> [WHAT THIS TASK INVOLVES] Keep every word of the listing and drop the images when you write it out.
***** DATA IN THIS EXERCISE *****
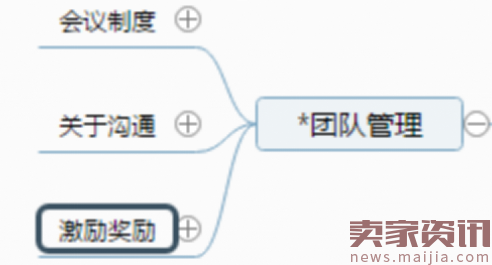 有效提升团队效率,这套管理方法真的很牛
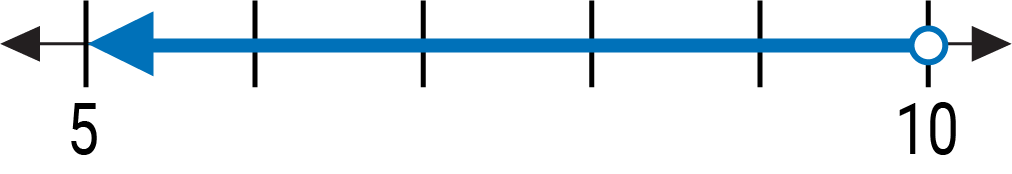 A graph on a number line with accompanying notation in the next columns.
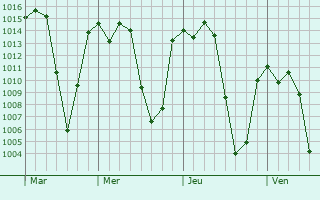Graphe de la pression atmosphrique prvue pour Tehuacn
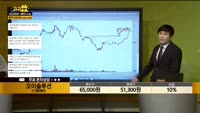 [종목상담] 오이솔루션(138080)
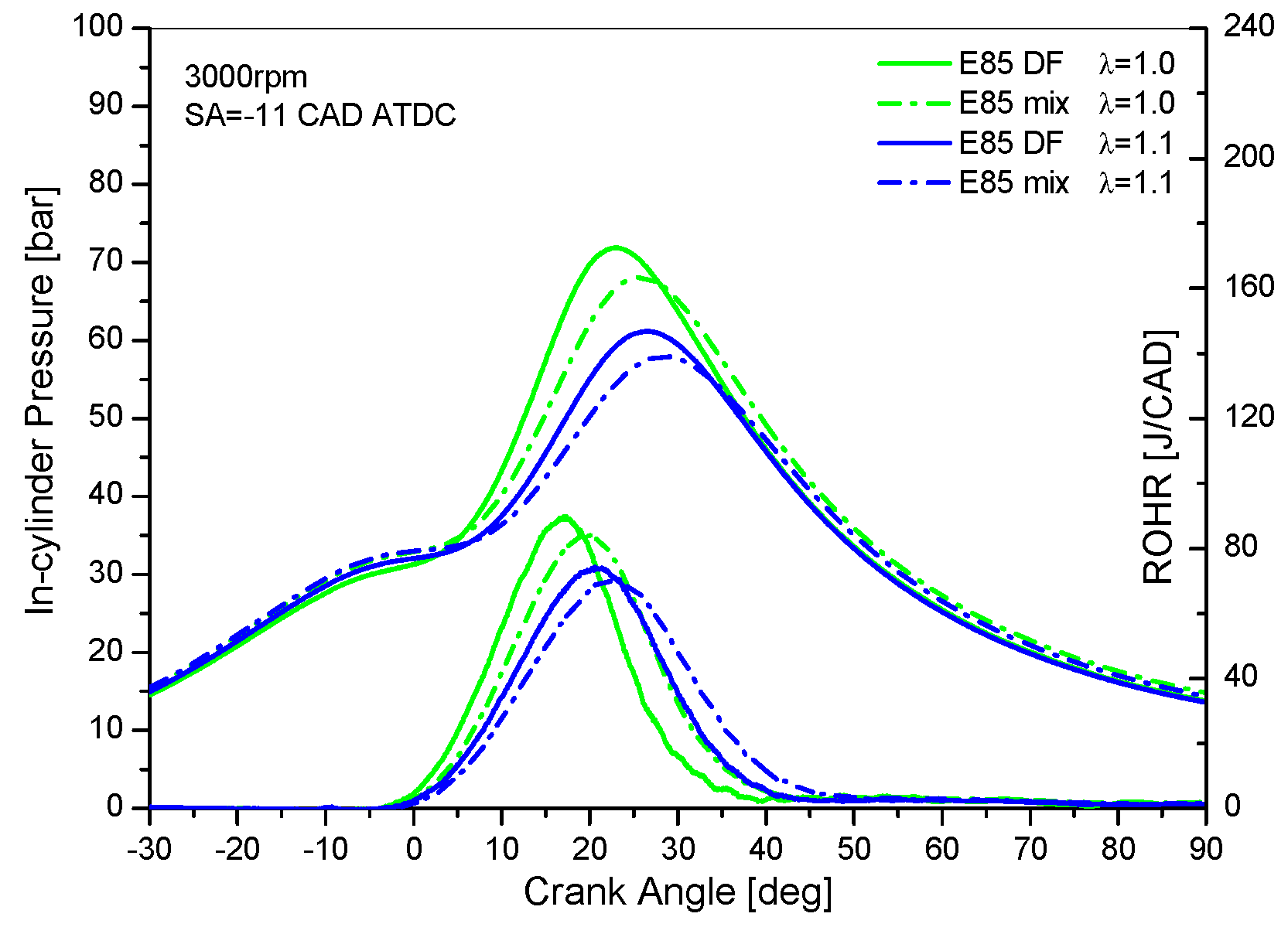 Energies 12 01555 g005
*****
> [RESPONSE BELOW]
 有效提升团队效率,这套管理方法真的很牛
 A graph on a number line with accompanying notation in the next columns.
Graphe de la pression atmosphrique prvue pour Tehuacn
 [종목상담] 오이솔루션(138080)
 Energies 12 01555 g005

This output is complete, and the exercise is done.